Europe Puissance : pourquoi elle n’aura jamais lieu
Europe-puissance, Euro-défense, pilier européen de l’Otan, autonomie stratégique européenne, tous ces vocables désignent le rêve actuel des européistes français. L’Europe économique est un échec pour la France, aucun européiste français n’ose dire le contraire aujourd’hui. Mais il y a encore le rêve du « saut fédéral », de « mutualiser la dette », « d’homogénéiser les SMIC », et surtout de l’Euro-Défense. Tout cela doit conduire à une « autonomie stratégique européenne ». Tout cela doit à la fois accomplir l’utopie européiste, mais surtout sauver les places de plus en plus menacées des européistes français.

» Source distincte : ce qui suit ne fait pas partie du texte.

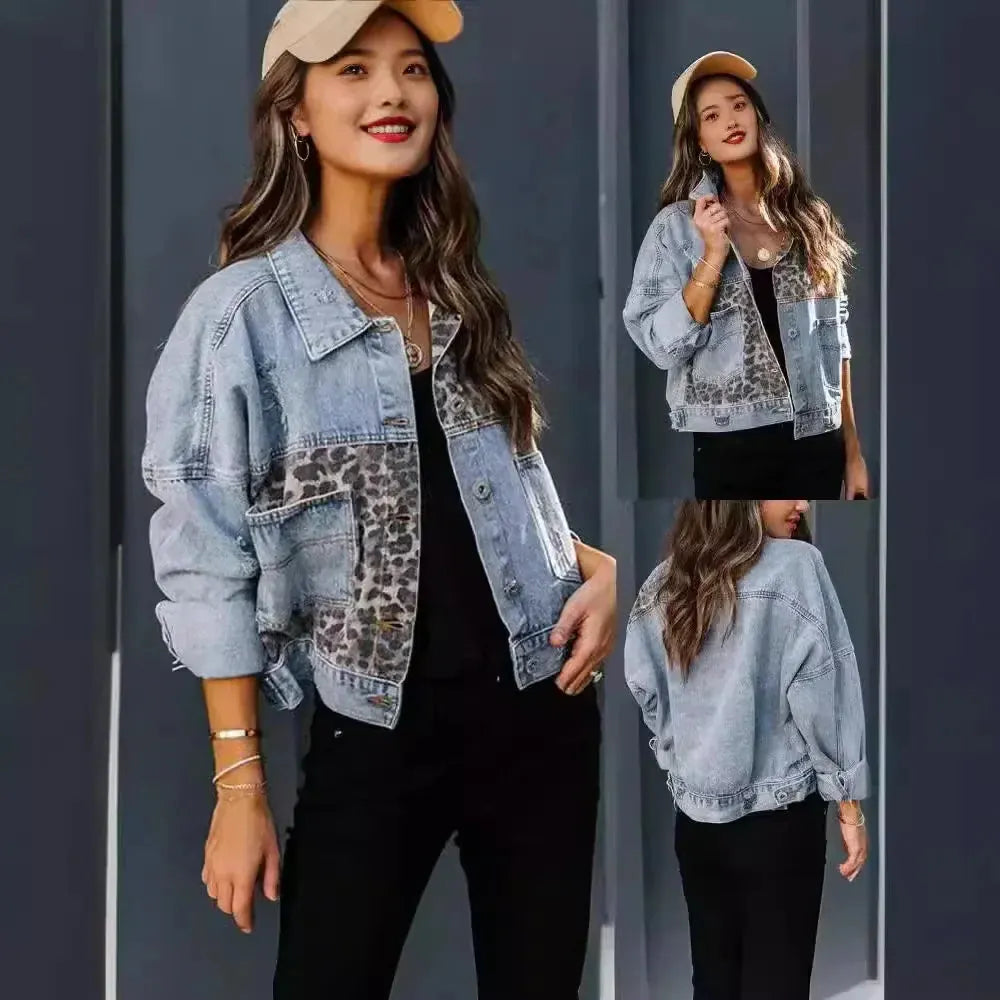 Denim Jacket for Women with Statement Details and Edgy Look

Mais cette Europe-Puissance n’existera jamais pour des raisons simples et profondes, et aisées à connaître :
- d’une part parce-que le Américains ne le veulent pas
- d’autre part parce-que les « partenaires européens » ne le veulent pas
- et on imagine que ni les Russes ni les Chinois n’en veulent non plus
Cette dernière cause est secondaire, car si les Russes et les Chinois ne soutiendront pas l’avènement d’une Europe-Puissance, ils n’ont cependant pas les moyens actifs de l’empêcher. Nous étudierons donc les deux premières causes.

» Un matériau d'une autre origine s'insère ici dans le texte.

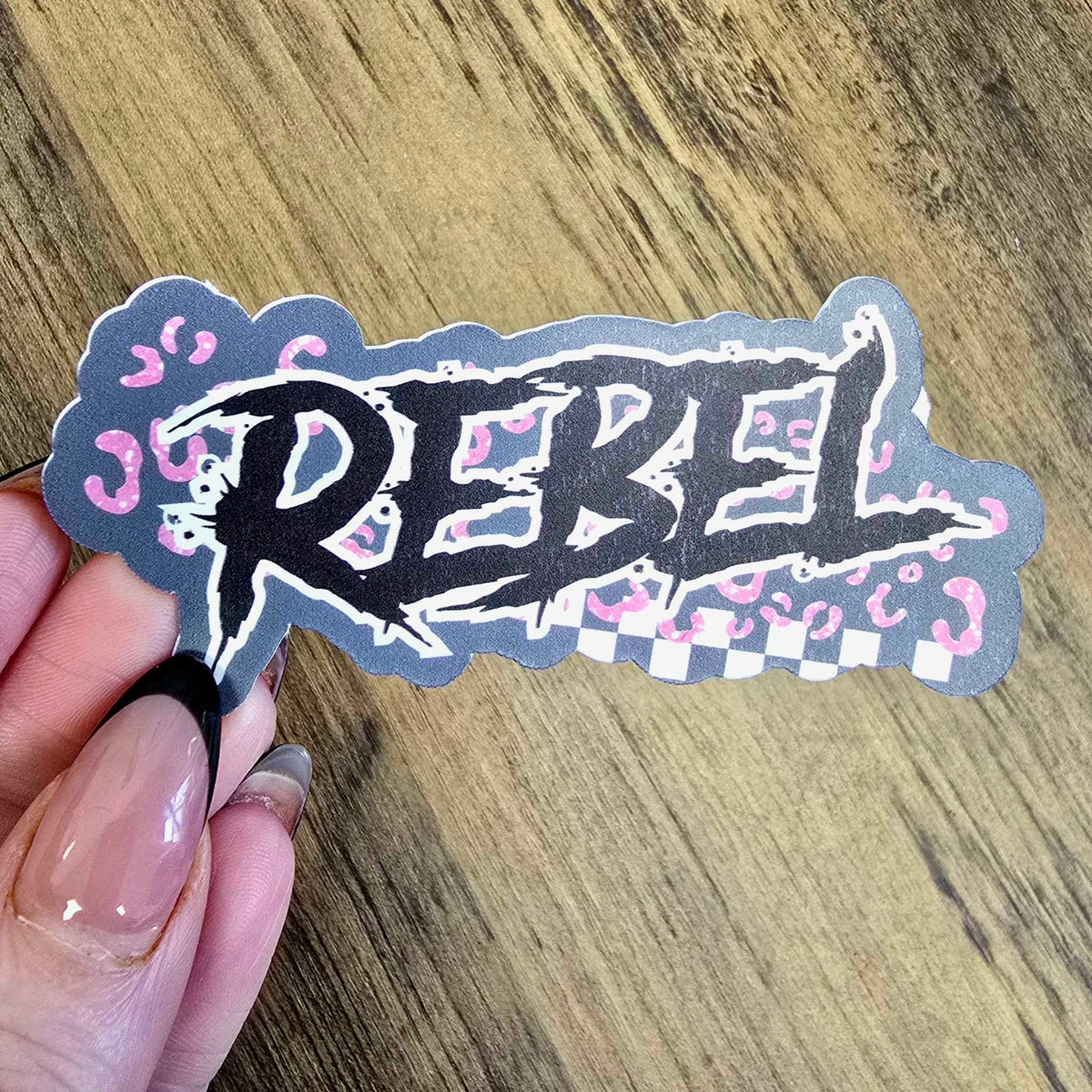 Sticker Rabel Rebel Vinyl Sticker – Metal.MC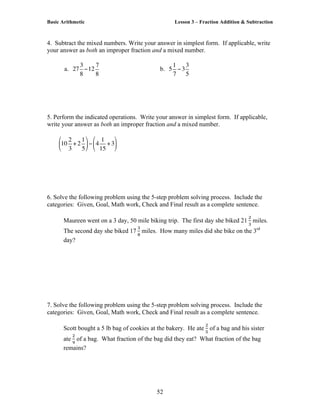 Basic arithmetic | PDF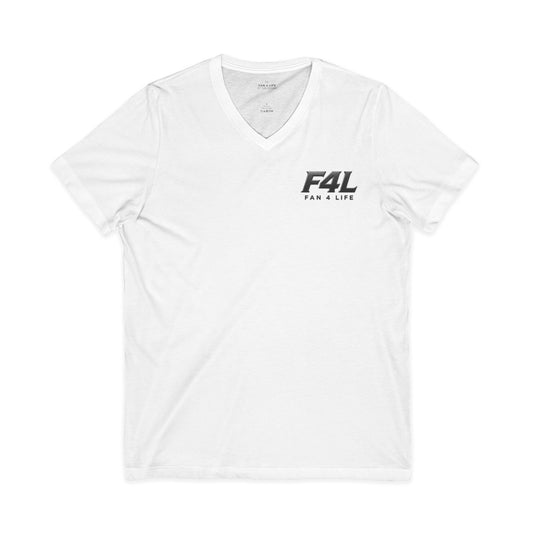Unisex Jersey Short Sleeve V-Neck Tee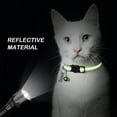 thumbnail image 3 of 6 Pcs Reflective Cat Collar with Bell, Breakaway Cat Collars with Name Tag, 3 of 7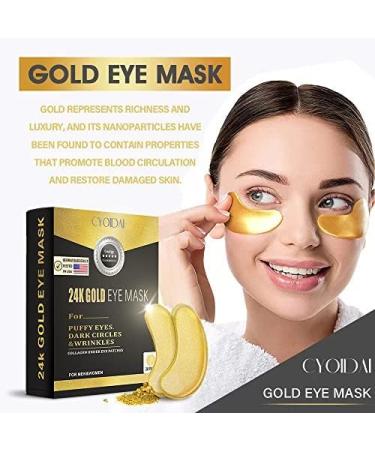 24K Gold Under Eye Patches | Reduce Puffiness Wrinkles & Fine Lines | Revitalize & Refresh Your Skin - Buy Online on GoSupps.com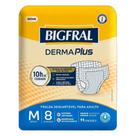 Fralda Geriátrica Bigfral Derma Plus tamanho M pct. c/8 Unidades Fralda Geriátrica Bigfral Derma Plus tamanho M pct. c/8 Unidades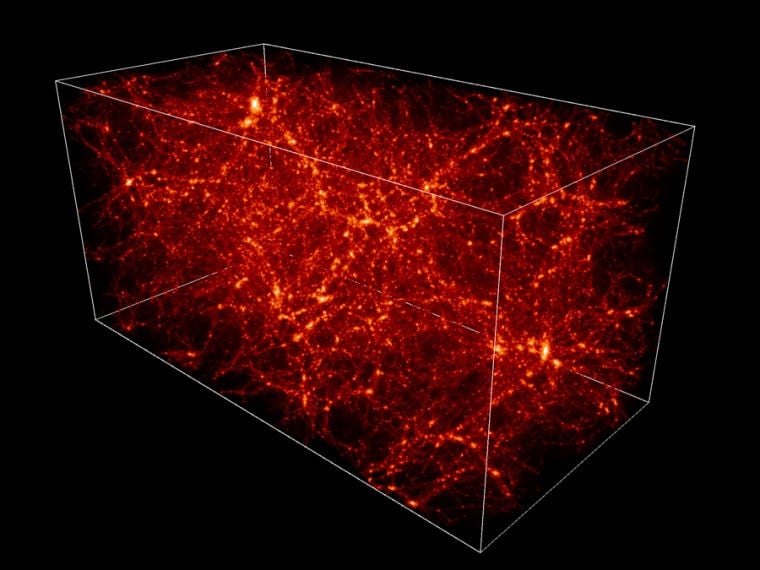 dark matter holds the universe together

Une Europe-puissance serait sous la domination allemande, tout comme l’Europe-économique. Il faut donc appeler les choses par leur nom : redonner à l’Allemagne, via une domination du continent, sa puissance impériale perdue.
Evidemment, les européistes béats ne le voient pas sous cet angle. Pour eux, l’Europe et une magnifique collaboration des peuples vers la liberté collective ou le socialisme à visage humain. Erasme, Voltaire, Schopenhauer, Beethoven, Rembrandt...
Mais les décideurs géopolitiques du monde entier voit les choses comme je viens de l’exposer crûment : l’Europe-Puissance consiste à rendre à l’Allemagne sa puissance impériale perdue. Dès lors, il est déjà aisé de comprendre que les Américains ne l’entendent pas de cette oreille.
Mais allons plus loin... Le projet actuel de la France se concentre sur son dernier pôle d’excellence (elle a déjà perdu toute son industrie civile) : le militaire. Il est vrai que l’Armée française dispose d’une puissance assez unique en Europe. L’Angleterre seule joue à son niveau. Et seule la lointaine Russie est plus forte. Au sein de l’Union Européenne, l’armée française est vraiment la première, et elle dispose en plus des outils de souveraineté nucléaire. L’idée actuelle des dirigeants français est donc une sorte de fantasme néo-napoléonien, d’une Europe sous conduite économique allemande et sous conduite militaire française.
A-t-il échappé à nos dirigeants que l’Allemagne a été vaincue en 1945, et qu’elle n’a été autorisée à redevenir une puissance industrielle qu’à la seule condition de ne plus avoir de puissance militaire, ni a fortiori d’autonomie stratégique sérieuse ? En s’attelant à l’Euro-Défense, les dirigeants français s’en prennent donc directement à l’impérium américain : ont-ils bien pesé la vanité de leur entreprise ? C’est même assez comique quand on connaît leur atlantisme fataliste par ailleurs. Non, les Américains n’ont pas l’intention de rendre à l’Allemagne, directement ou indirectement, une puissance militaire. Donc, l’Euro-Défense ne fonctionnera jamais.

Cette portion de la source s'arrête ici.